I thought right-away of my aquacise-instructor, and copy/pasted it to her in a text.
She later gave me a thumbs-up.
I thought of her because some time ago I overheard her tell a gentleman she gave up watching the news.
She’s not the only one.
Much as I feel I’ve already thrown too much at her, her thumbs-up prompted a response.
I explained I still record the national news — I gave up the local news — so I didn’t miss the latest 3 a.m. Tweet® from the White-House toilet.
But the national news has become as-depressing-as-Hell.
It’s this CoronaVirus thingy.
Much as CoronaVirus is worth worrying about, I’ve become suspicious. Like our reaction to CoronaVirus became a wild-ass media junket.

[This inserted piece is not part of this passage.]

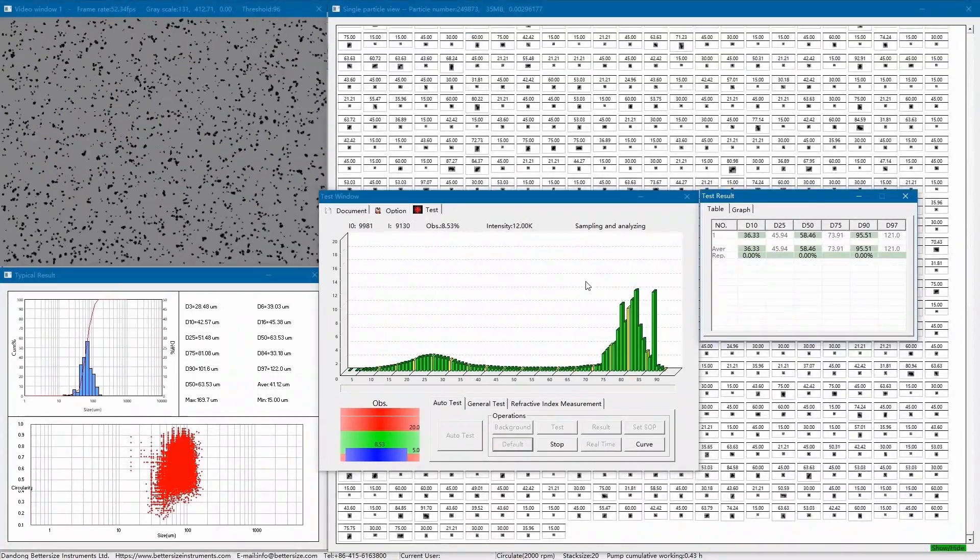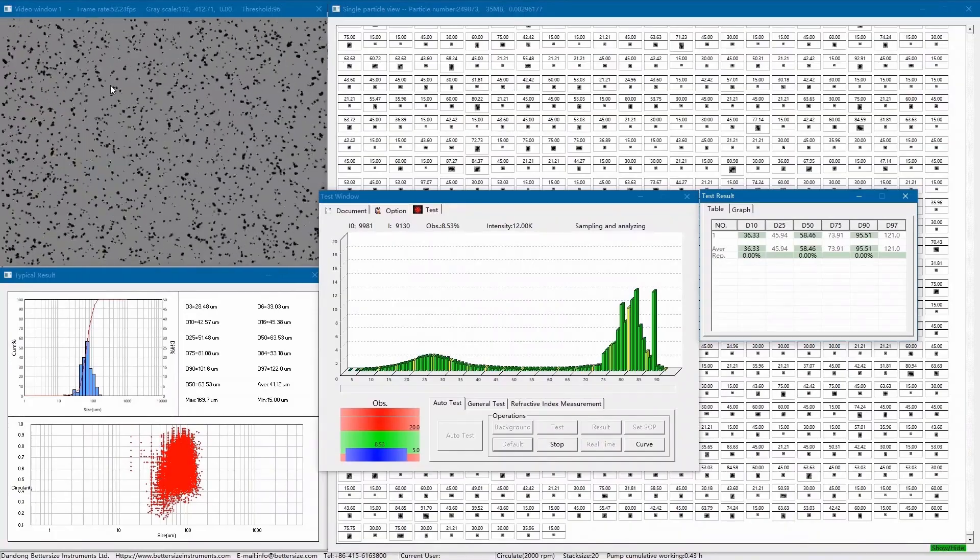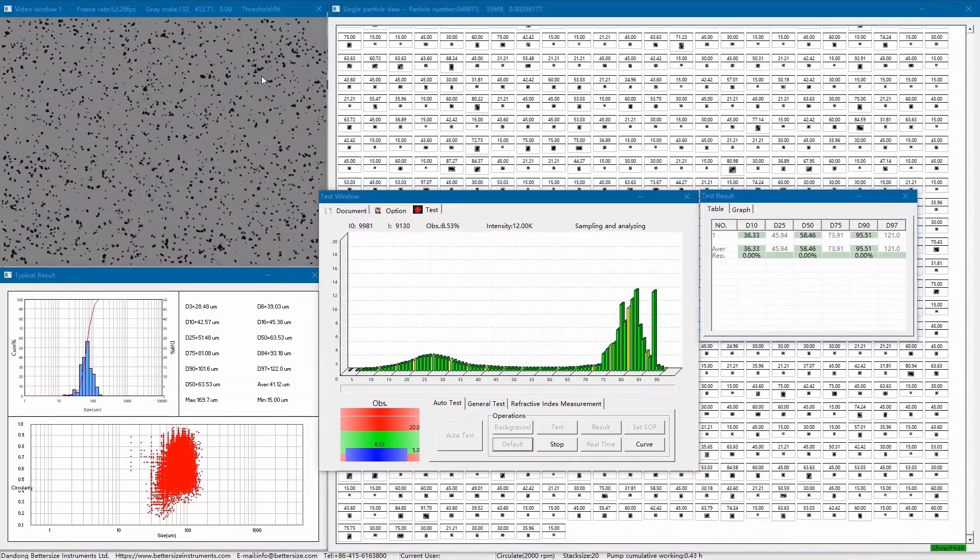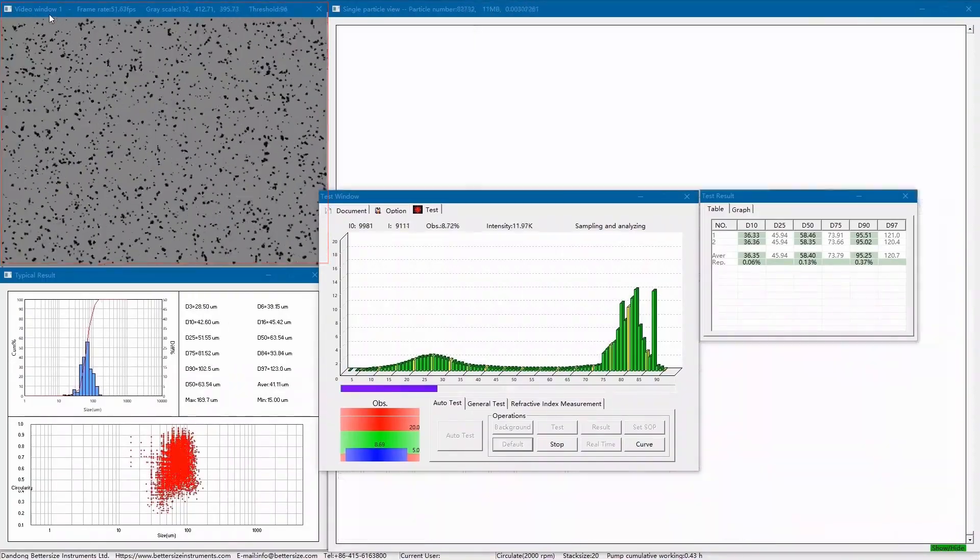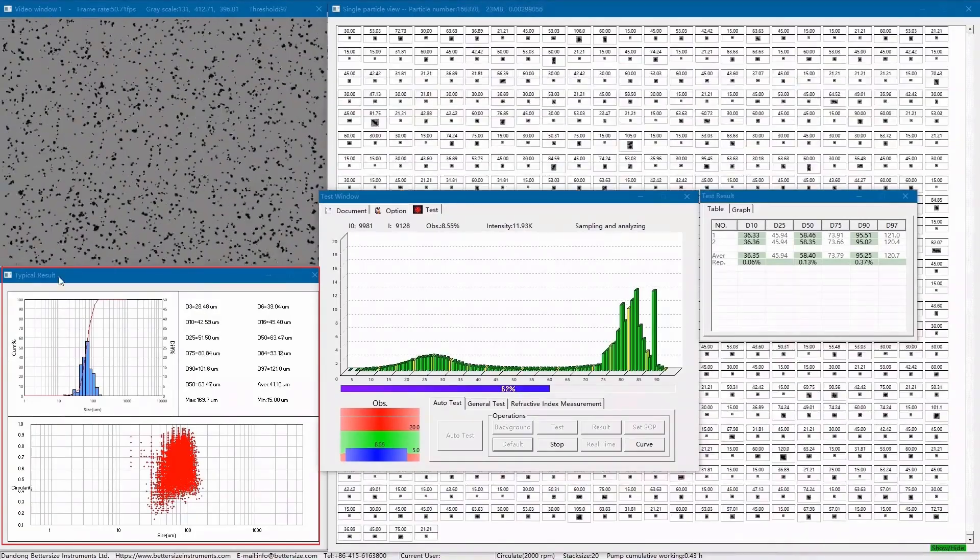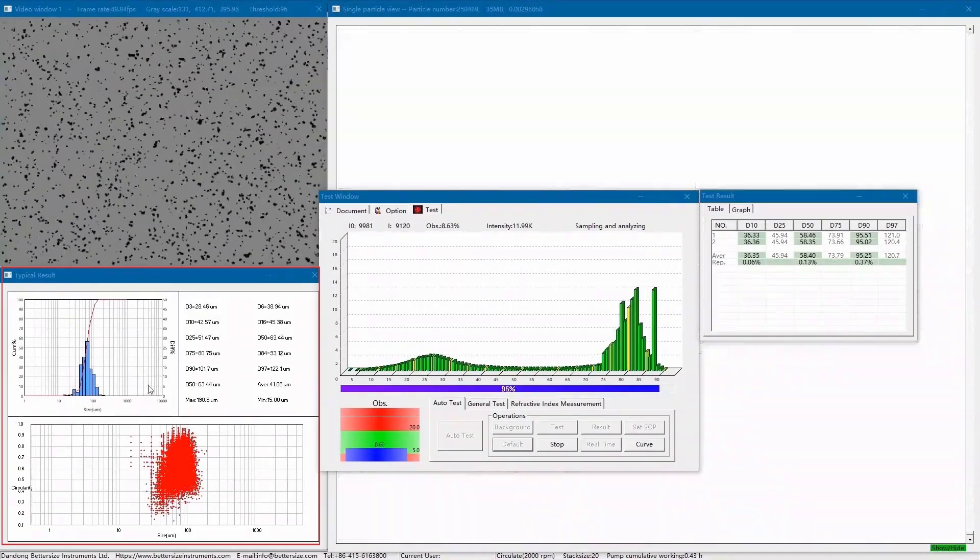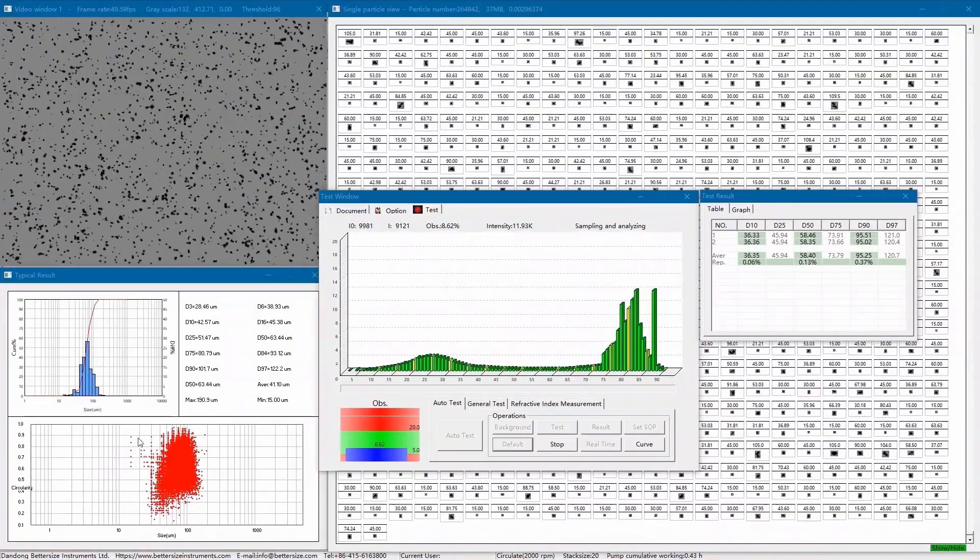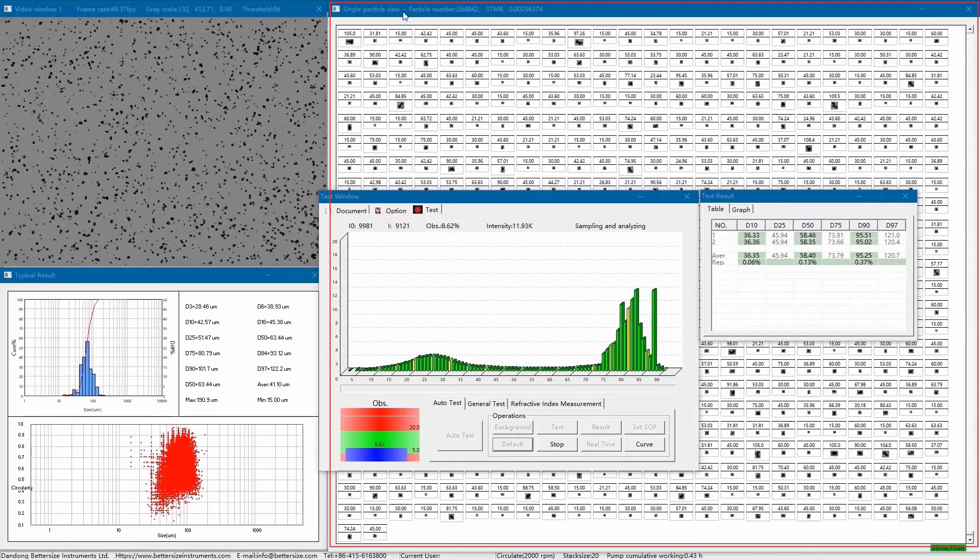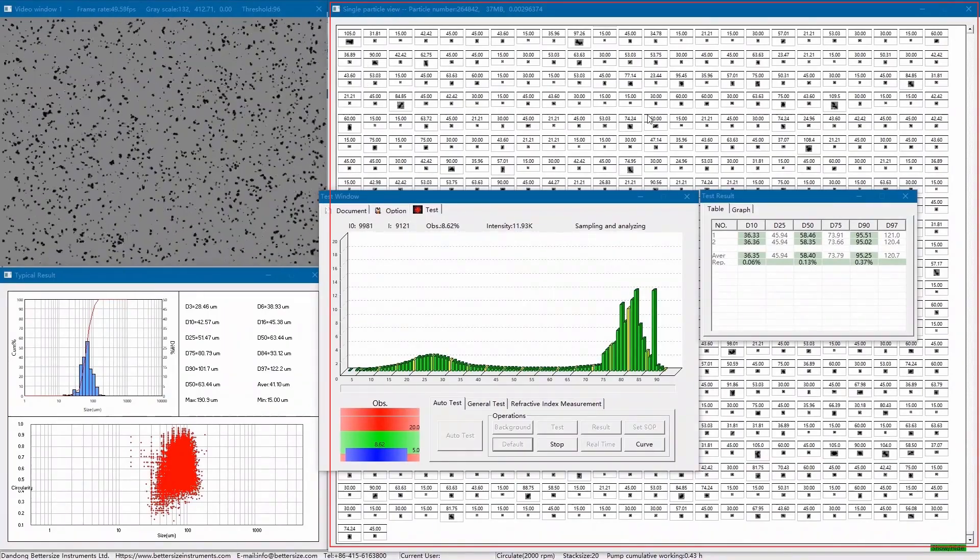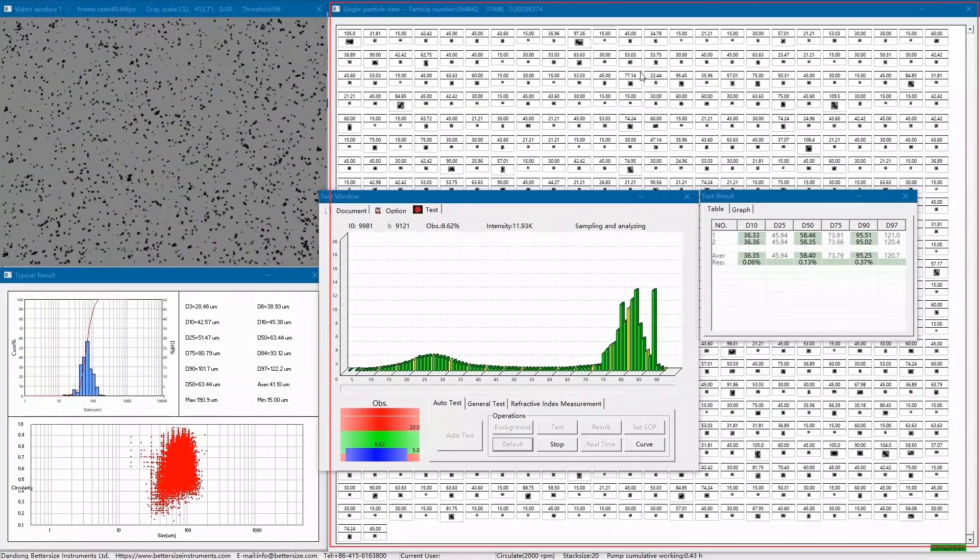On the other hand, other windows belong to another system, image analysis system of the Betasizer F3+. The upper left window is the real-time shooting video, and the lower left window is the real-time analysis result, including a histogram, typical values, and a scatter plot. And the right window is the individual particle image, which shows the image results. All the windows are provided by the image analysis technique.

I’m sorry, but part of my career was in the newspaper-biz, where we manufactured the news.
“News” is all about making contacts. Make a contact, and you can write a story.
Andrew Cuomo, NY’s Governor, became an easy contact on CoronaVirus. So New York City is ravaged.
Whither Philadelphia and Baltimore? They’re all part of the east-coast megalopolis, but aren’t as interviewable as Cuomo.
Cuomo is eying the presidency. Not hard when The Donald is more inclined to badmouth than be presidential.
So Cuomo became a contact, and therefore New York City gets all the ink.
Thousands dying from CoronaVirus is awful, but as many as 61,000 die from the flu per year. And 1.35 million people die in road crashes every year.
Where are the news-hounds?
And it seems we’re getting the same advice we get regarding the flu. Wash-yer-hands often, cover-your-cough, etc. And avoid people — “social distancing” they call it.
And you can’t vaccinate against CoronaVirus — yet. With the flu you can.
But whither Philadelphia and Baltimore? They’re as congested as New York City.